An American architectural staple, the Colonial house never goes out of style. But as time goes by, each centennial gives its new spin on the classic. This time, homebuyers want a Colonial-style house, but they also want modern features, especially on the inside—hello, all-white kitchen. The outside has a modern twist as well, pairing the Colonial pitched roof with modern elements such as oversized clapboards and batten siding. The result: an abstracted, minimalistic version of the Northeastern staple. 

“The Colonial house is reinvented about every 100 years,” says Jan Gleysteen, a Boston-area architect. He thinks that it’s time to reinvent the enduring house style once again.
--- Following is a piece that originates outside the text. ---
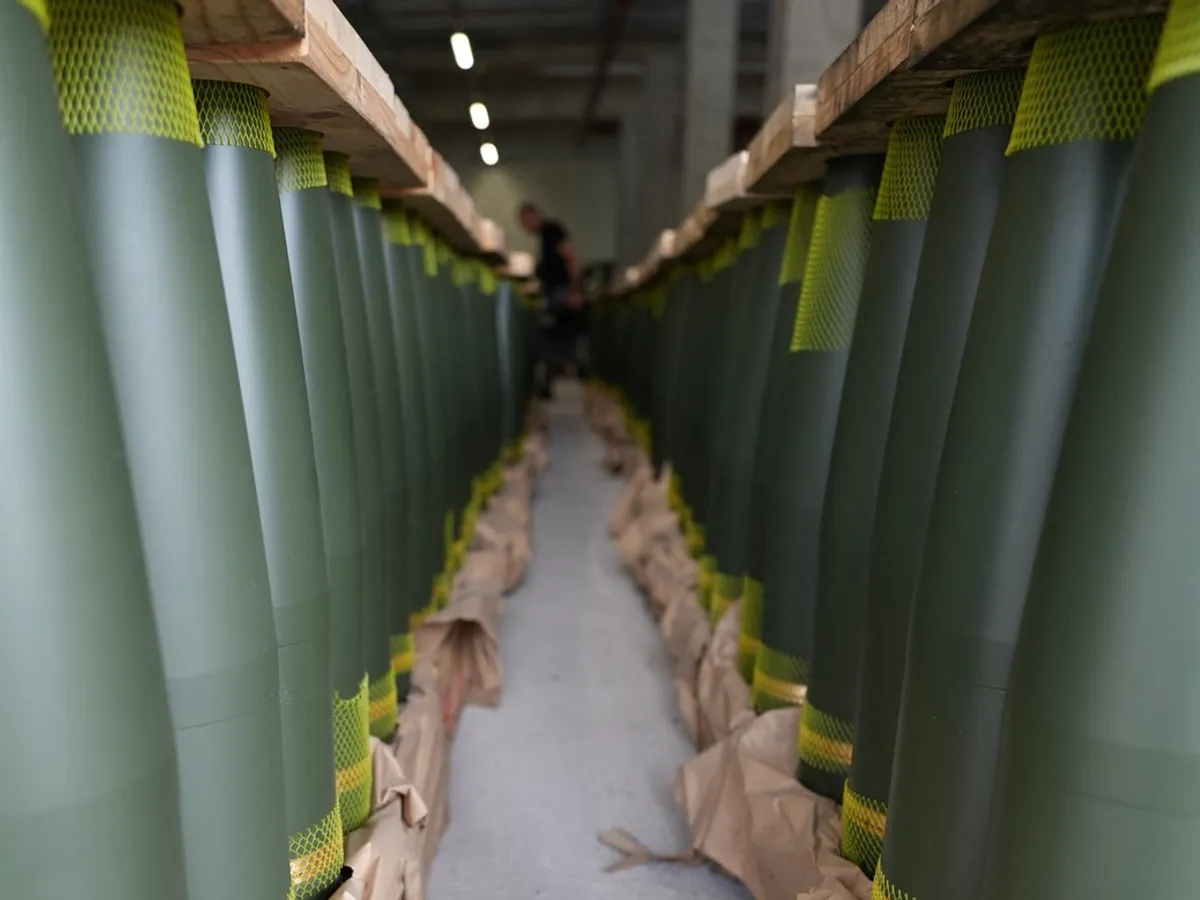 Proiectile de artilerie Rheinmettal, de calibru 155 mm - Foto: Profimedia Images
“The trend I see today,” Gleysteen says, “is that every young family wants a modern interior that’s clean, without clutter, that feels like a breath of fresh air. They don’t want traditional interiors, with a lot of separate rooms and fussy trim and ornamentation.

“But at the same time,” he continues, “they want the exterior to look traditional and to fit into a long-settled New England neighborhood. Those time-honored forms are comforting and familiar. They want traditional massing with a modern interior.”

Colonial architecture saw its first reinvention about 1870, when Americans celebrated the country’s centennial. Since then, it has never totally gone out of style; it is especially beloved in the northeast.

In New England, the Colonial house was informed by English precedent. During the 17th century, its box-like appearance was relieved by a prominent chimney and small casement windows; often the rear was extended in a long, sloping roof that formed the “salt box” shape. Unlike European houses, it was timber framed.